Scientists in support of embryonic stem cell research are currently restricted by the limited amounts of federal funding and embryonic stem cell lines available for research. Many argue that these restrictions are preventing further scientific development and weakening the United States' position as a leading nation in biomedical research. Some scientists worry that if strict regulations of stem cell research continue, private companies may bypass the standards put in place by the National Institute of Health and conduct unregulated research (Clemmitt 700). If the United States wishes to remain a premiere country in biomedical research and maintain order and control of embryonic research being performed, action must be taken to address this issue.

Overall, though the destruction of a life is typically held to be unethical, the moral status of an embryo in the blastocyst stage is unclear and therefore cannot be equated to the moral status of an adult human being. Also, ethical sources of embryonic stem cells exist that do not take the life of future beings (i.e. unwanted frozen embryos produced via in vitro fertilization, donated egg cells fertilized in a laboratory). For these reasons, in combination with the possibility of reducing suffering for future beings, embryonic stem cell research is ethical under certain circumstances. As long as the stem cells are isolated in a manner that does not harm an embryo with the plan of developing into an adult human, the subsequent research is ethically justified.

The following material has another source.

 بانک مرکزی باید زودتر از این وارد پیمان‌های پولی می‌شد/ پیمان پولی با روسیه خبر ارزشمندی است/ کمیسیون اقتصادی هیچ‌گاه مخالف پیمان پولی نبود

With this in mind, embryonic stem cell research should receive greater government funding so that continued progress can be made.

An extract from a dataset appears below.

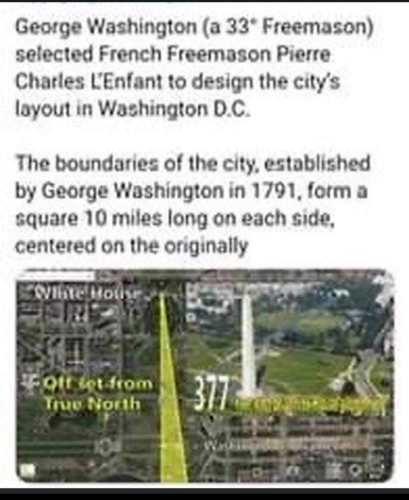Screenshot_20211022-170539-873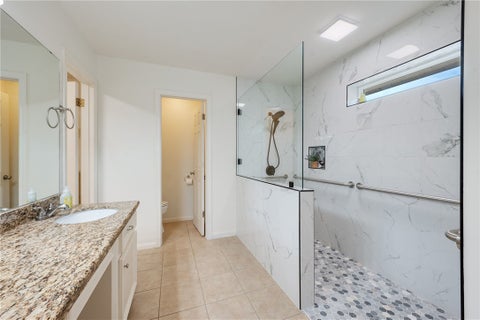 Tiny photo for 4608 Valleybrook Circle, College Station, TX 77845 (MLS # 26012198)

1 In cell division, a parent cell divides into two or more daughter cells.

Belin Mirabile

Belin Mirabile was born and raised in Phoenixville, Pennsylvania, a suburb of Philadelphia. She is currently majoring in Mechanical Engineering at Notre Dame with a minor in Catholic Social Tradition. When tasked with the assignment of writing a rhetorical essay that evaluates a point of ethical controversy, Belin wanted to choose a topic that relates to her interest in Bioengineering. Embryonic stem cell research stood out as a current issue that would be interesting to evaluate in the form of a researched essay. After her four years at Notre Dame, Belin plans to pursue a career related to Bioengineering that contributes in some fashion to the betterment of human health. Belin would like to thank her Writing and Rhetoric professor, John Duffy, for transforming her opinion of writing and giving her every tool to be a successful writer.

Works Cited

Clemmitt, Marcia. "Stem Cell Research." CQ Researcher 1 Sept. 2006: 697-720. Web. 25 Nov. 2015.

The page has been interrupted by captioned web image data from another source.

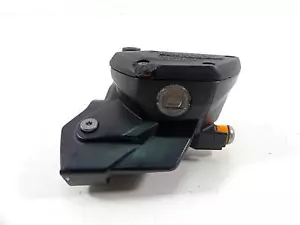 2014 BMW R1200GS K50 Front Brake Master Cylinder 32728559604 8532620 - Picture 1 of 12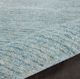 Nourison Home™ Weston Seafoam 5'x8' Area Rug-4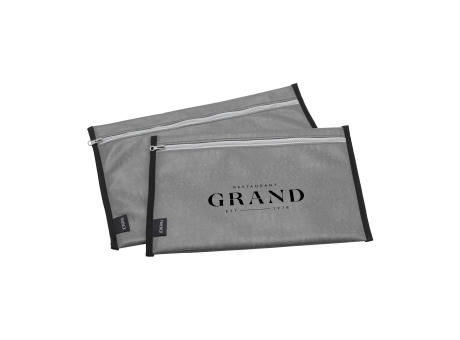 Fraenck Bobby Laptop Sleeve 14" Laptoptasche bedrucken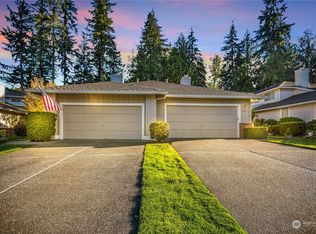 1910 Mill Pointe Dr SE, Mill Creek, WA 98012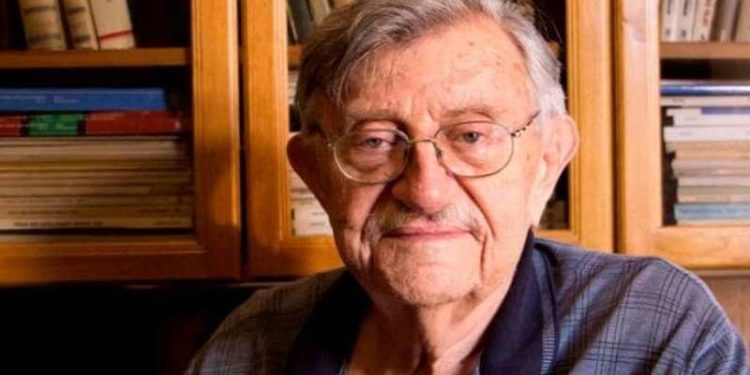 Prof. Dr. Boratav, yeni ekonomi modelinin bir erken seçim hazırlığı olduğunu söyledi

Devolder, Katrien. The Ethics of Embryonic Stem Cell Research. First ed. 2015. Issues in Biomedical Ethics. Print.

Holland, Suzanne, Lebacqz, Karen, and Zoloth, Laurie. The Human Embryonic Stem Cell Debate: Science, Ethics, and Public Policy. Cambridge, Mass.: MIT, 2001. Basic Bioethics. Web. 17 Nov. 2015.

Liu, Edward Chan-Young. Background and Legal Issues Related to Human Embryonic Stem Cell Research. American Law Division, 2008. Print.

"The Ethics of Embryonic Stem Cell Research." Embryo Politics. Ithaca; London: Cornell UP, 2011. 120. Print.

Tobis, Jerome S., Ronald Baker Miller, and Kristen R. Monroe. Fundamentals Of The Stem Cell Debate : The Scientific, Religious, Ethical, And Political Issues. Berkeley: University of California Press, 2008. eBook Collection (EBSCOhost). Web. 17 Nov. 2015.